The Obsolete Man

The best part of New Years, for me at least, has become the SciFi Channel’s annual 48 hour Twilight Zone Marathon (if only for proof that the SciFi Channel can actually program beyond horrible fifth rate horror films).

My favorite episode of TZ is still “The Obsolete Man” featuring Burgess Meredith whose four appearances in the series were all above par (my wife says I’m gradually becoming Henry Bemis). Anyway, “The Obsolete Man” is interesting for two reasons.

First, is its riff on totalitarian states. Meredith’s character, Romney Wordsworth, is proclaimed obsolete by a faceless but powerful bureacracy and sentenced to death. By the end of the episode, Wordsworth achieves a pyrrhic victory against his oppressors — managing to take along his primary persecutor but not, apparently, effecting any real change in the system (which is, perhaps, accurate with respect to the difficulty in altering totalitarian systems, but not, alas, a message of hope). The episode concludes with a Rod Serling voice-over saying,

Any state, any entity, any ideology that fails to recognize the dignity, the worth, the rights of man . . . that state is obsolete.

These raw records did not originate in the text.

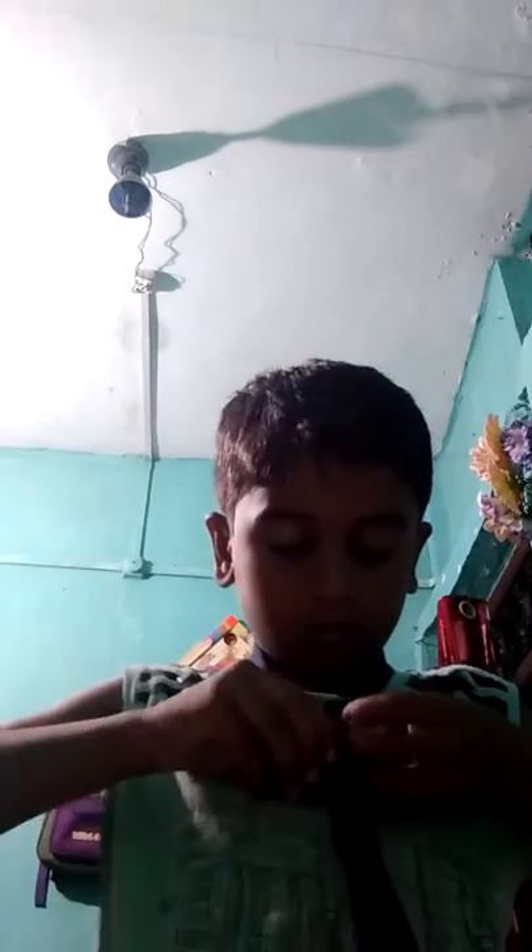Now take it from that loop. Now take it from here. That's how to tie a tie.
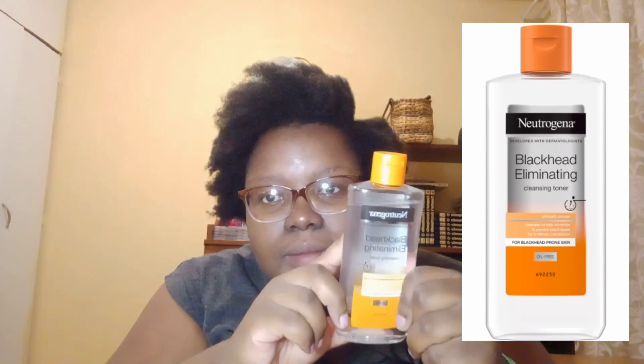Next in my routine is something pretty new — the Neutrogena Blackhead Eliminating Cleansing Toner. I've always used a toner before, but none of the toners I've used have really worked out for me. I used to use the Skincare Collection one from Clicks and it was okay for a while, but I didn't know if it was actually working.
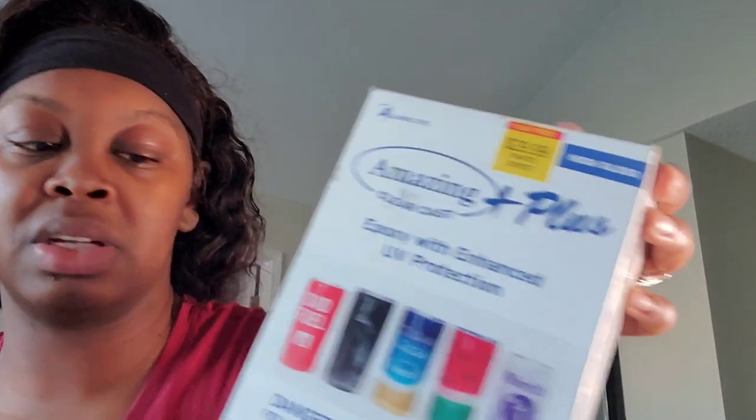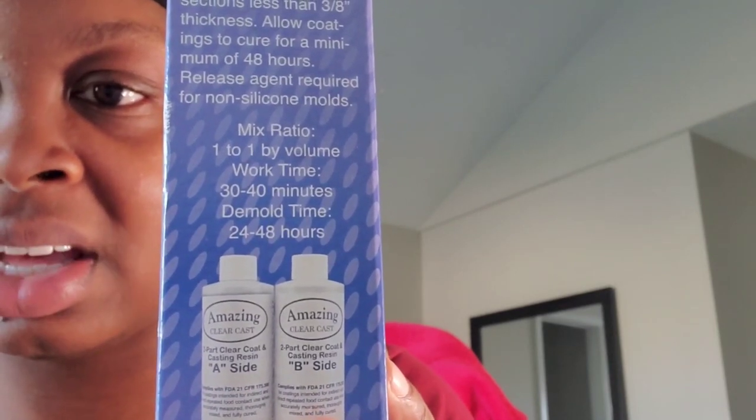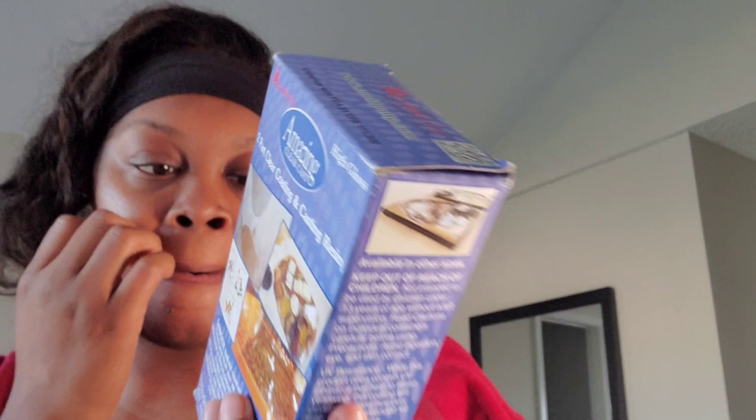Curing time is the same — 24 to 48 hours. What I usually like to do is tap it with a stick to see if it's hard. I think this was probably the best deal I got out of all three of these epoxies. All three I mentioned are two-part — Part A and Part B. And I just realized this one actually labels it: Part A is the resin and Part B is the hardener.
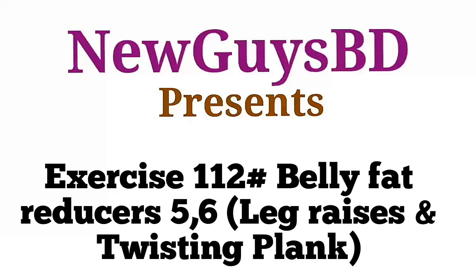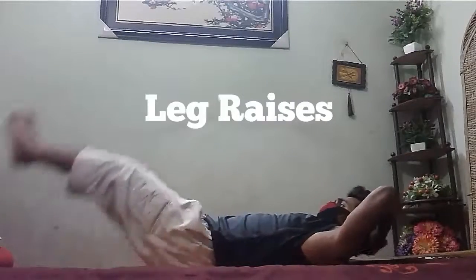BD presents exercise 112: Leg Raises and Twisting Plank. Use it as easy as you can, at least 30 seconds, and at least just as 90 degrees. This is a lower abs exercise, so it's very effective.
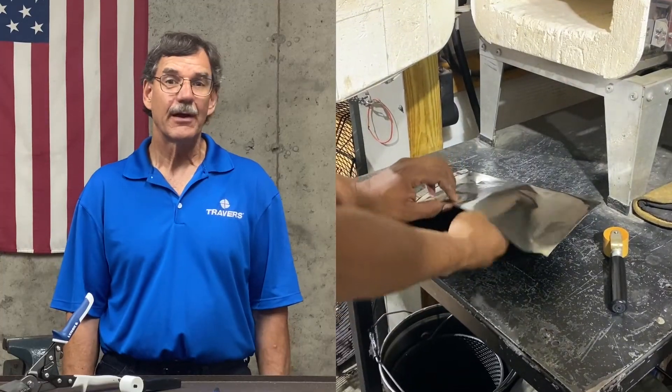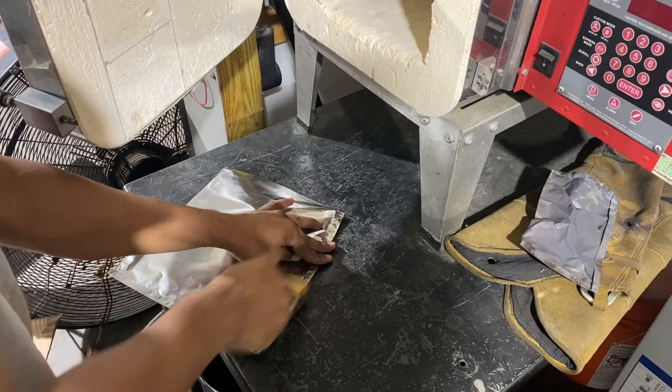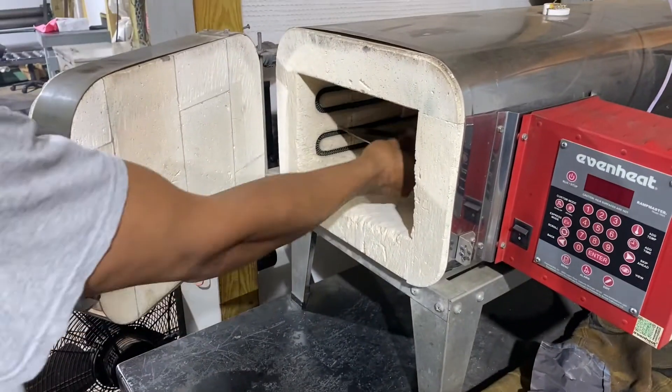Once you have your envelope made, you put your workpiece in there, seal the final fourth side, and before you seal it airtight, try to get as much air out of it as you can. That air inside there will expand, even to the point where it might open a seam.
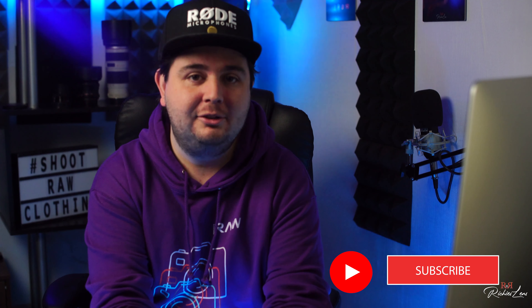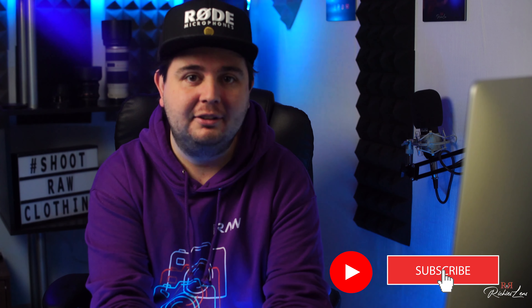Don't forget to subscribe to my channel and follow my socials at RichiesLens. Thanks guys, bye!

But the reality, of course, is that totalitarian states and ideologies can survive for extraordinarily long periods of time without becoming strictly obsolete.

The second, and even more shocking, aspect of the episode is Wordsworth’s explicit Christian faith. Wordsworth is declared obsolete because there he is a librarian and there are no more books. His persecutor compares being a librarian to being a priest — the state has proven there is no God, so there is no need for priests. Wordsworth responds that there is a god, prompting his presecutor to yell,

The State has proven that there is no God!

Wordsworth replies,

You cannot erase God with an edict.

Later, when luring his persecutor into a trap, Wordsworth reads from a Bible he has hidden and treats his persecutor to Psalm 53:1.

I don’t think you’d ever see anything like that anywhere near network television these days (I certainly don’t remember ever seeing anything like it in my decades of obssessive-compulsive television watching). The universal pop culture shibboleth is that the religious person is generally the enemy of freedom — or granola enough not to actually hold any ideas that might make the audience uncomfortable.